Phoenix legal defeat prompts FAA to address noise concerns

Nearly 100 people strolled through the high school cafeteria throughout the evening, studying colored graphs of flight takeoffs and jotting down comments for officials.

More than three years after they awoke to find window-rattling flights rerouted in an airborne highway above their homes, residents of Phoenix's downtown historic districts said they finally felt the Federal Aviation Administration was listening.

A court victory by Phoenix and neighborhood groups over the FAA last year has prompted the agency to be more responsive to residents as it continues to beat back noise complaints around the United States over the air traffic modernization plan known as "NextGen."

While challenges by residents of Washington's Georgetown neighborhood and other jurisdictions are still being heard in court, people in other affected areas such as Santa Cruz, California, have not sued the agency because they believe their complaints are being considered. Phoenix residents said they appreciated the FAA's current approach.

"They are being transparent now," Opal Wagner, a resident of the vintage Willo district and vice president of the Phoenix Historic Neighborhoods Coalition, said at the first of three FAA public workshops held last week. She and others expressed disappointment that a fourth one wasn't scheduled downtown where most noise complaints originated.

"I think that it's good that they are now dialoguing with the public," Wagner said. "Maybe if they had done this in the beginning, there wouldn't have been a lawsuit."

The historic districts and the city sued the agency after the FAA changed Phoenix Sky Harbor's flight routes in September 2014, bringing airplane noise to public parks and the quiet neighborhoods of charming bungalows, ranch houses and Spanish revival homes, some dating to the 1920s and earlier. About 2,500 households were affected. The noise got so bad for some, they sold their homes and moved.

The FAA started revising flight paths and procedures around the United States in 2014 under the NextGen plan, which uses more precise, satellite-based navigation to save time, increase how many planes airports can handle, and reduce fuel burn and emissions. Noise complaints poured in from Orange County, California, to Washington, D.C., as flights took off at lower altitudes, in narrower paths and on more frequent schedules.

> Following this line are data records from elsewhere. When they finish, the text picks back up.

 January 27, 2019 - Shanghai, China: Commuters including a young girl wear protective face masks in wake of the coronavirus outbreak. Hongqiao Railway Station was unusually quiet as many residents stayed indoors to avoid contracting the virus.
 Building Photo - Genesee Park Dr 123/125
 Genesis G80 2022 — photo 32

The rollout of the procedures in Phoenix initially represented NextGen's "most problematic implementation," said Chris Oswald, vice president of safety and regulatory affairs with Airports Council International-North America, a trade association that represents commercial airports in the U.S. and Canada. He said he was cautiously optimistic about the FAA's more open approach.

In the Phoenix case, the U.S. Court of Appeals for the District of Columbia Circuit on Aug. 29 agreed with the city and historic districts that the FAA was "arbitrary and capricious" in its flight procedure revisions in that area. The court said by leaving people in the dark, the agency made it impossible for the public to express views on the project's potential effects — something the FAA is especially required to do for historic places and parks.

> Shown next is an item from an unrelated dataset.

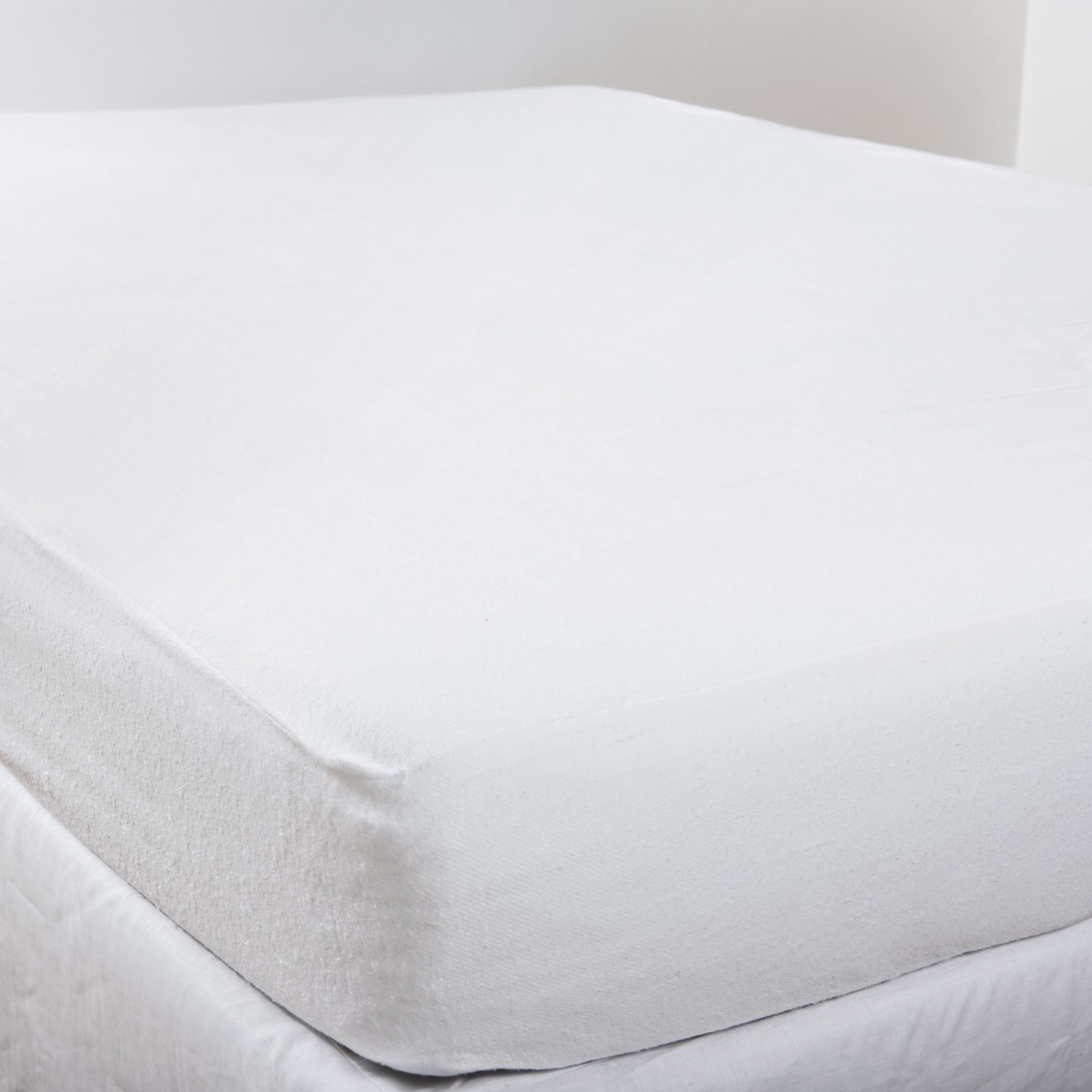 Antibacterial quilted mattress cover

Phoenix residents said they received no forewarning about the flight changes after FAA officials determined they would have no adverse impact and claimed a "categorical exclusion."

Following the court ruling, Phoenix and the FAA on Nov. 30 announced a joint plan aimed at resolving the dispute. Under the plan filed with the appellate court, the FAA agreed to reach out to residents while temporarily resuming the previous departure routes starting April 1.

In a second step, it will develop satellite-based procedures for the original routes, seeking community feedback throughout the process.

"I think we will get a considerable amount of relief with the return of the flights to their previous paths," said Brent Kleinman, president of the Encanto-Palmcroft Historic Preservation Association in central Phoenix.

"But the majority of the work is going to be in the second part of the process," he said, which will decide the final flight paths.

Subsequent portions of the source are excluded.